An exact copy of each line below is needed, with no images in it.

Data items
┌──

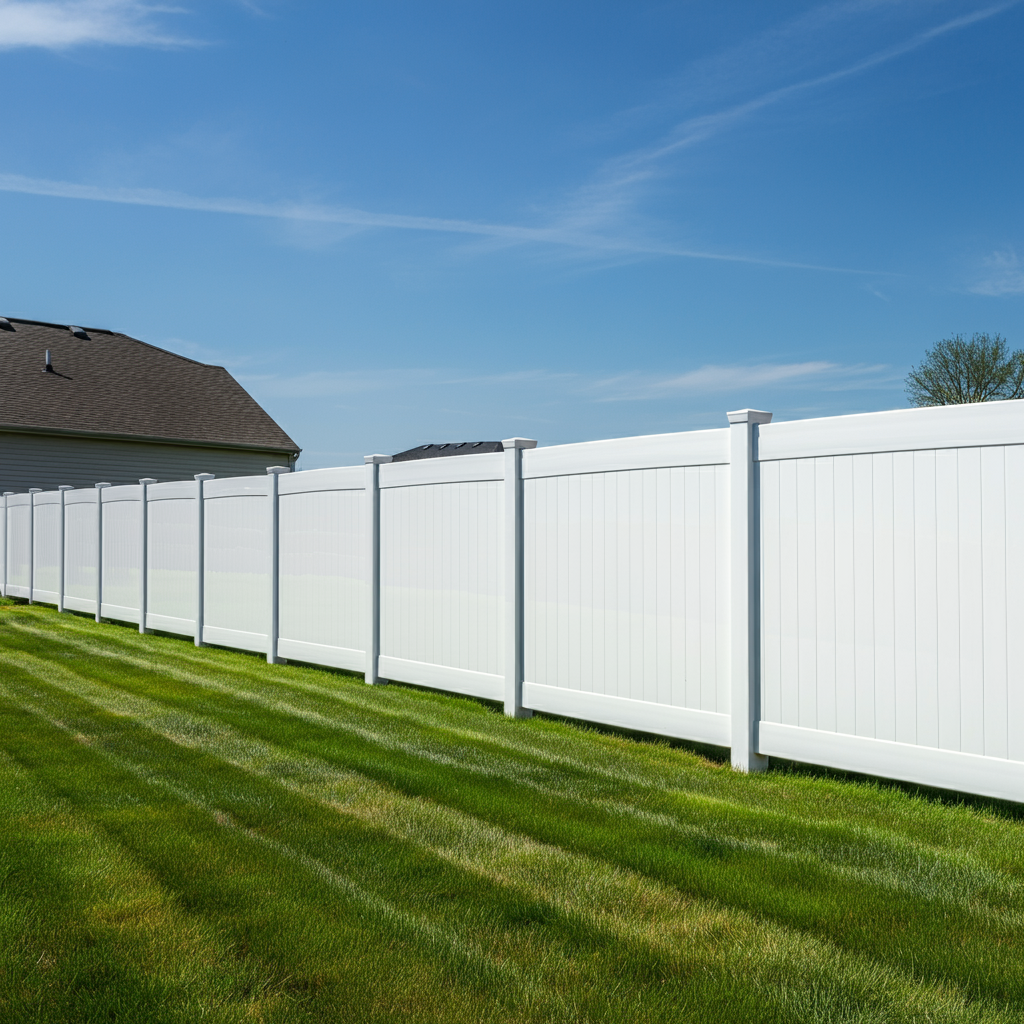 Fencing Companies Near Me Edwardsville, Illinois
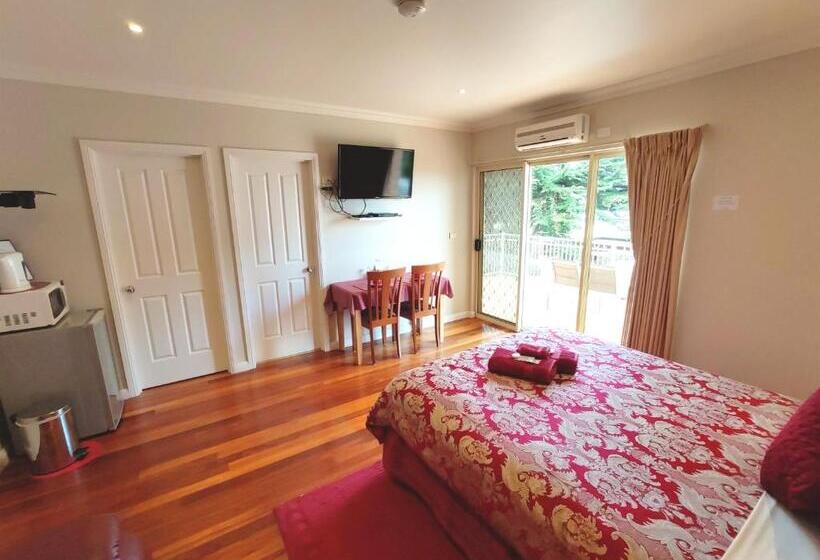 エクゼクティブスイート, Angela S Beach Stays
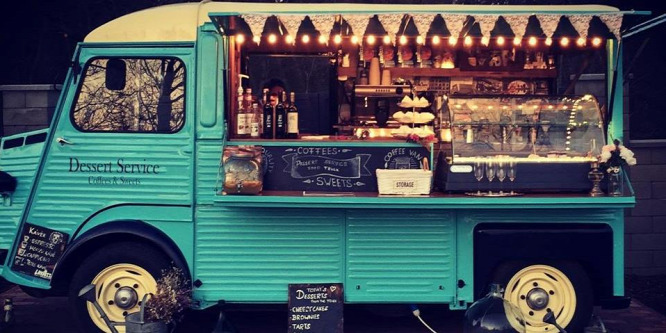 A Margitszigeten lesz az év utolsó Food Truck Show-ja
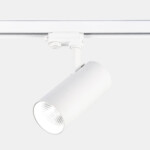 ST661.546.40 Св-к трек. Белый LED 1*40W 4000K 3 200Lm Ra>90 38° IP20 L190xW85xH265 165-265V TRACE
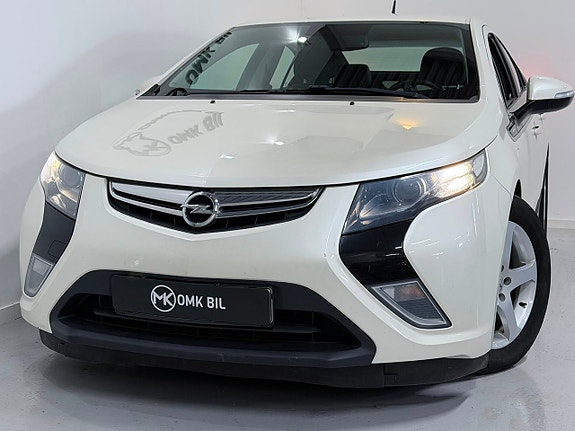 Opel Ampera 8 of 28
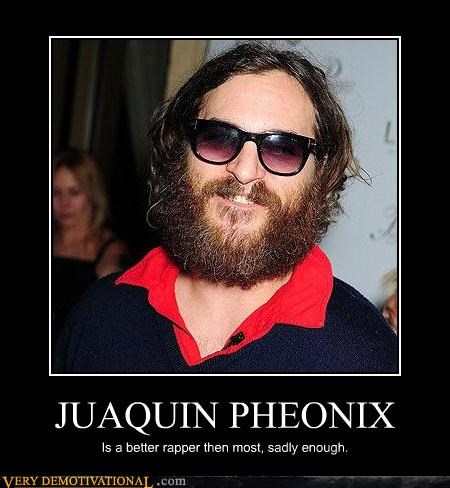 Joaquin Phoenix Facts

└──

**Solution to this exercise**
 Fencing Companies Near Me Edwardsville, Illinois
 エクゼクティブスイート, Angela S Beach Stays
 A Margitszigeten lesz az év utolsó Food Truck Show-ja
 ST661.546.40 Св-к трек. Белый LED 1*40W 4000K 3 200Lm Ra>90 38° IP20 L190xW85xH265 165-265V TRACE
 Opel Ampera 8 of 28
 Joaquin Phoenix Facts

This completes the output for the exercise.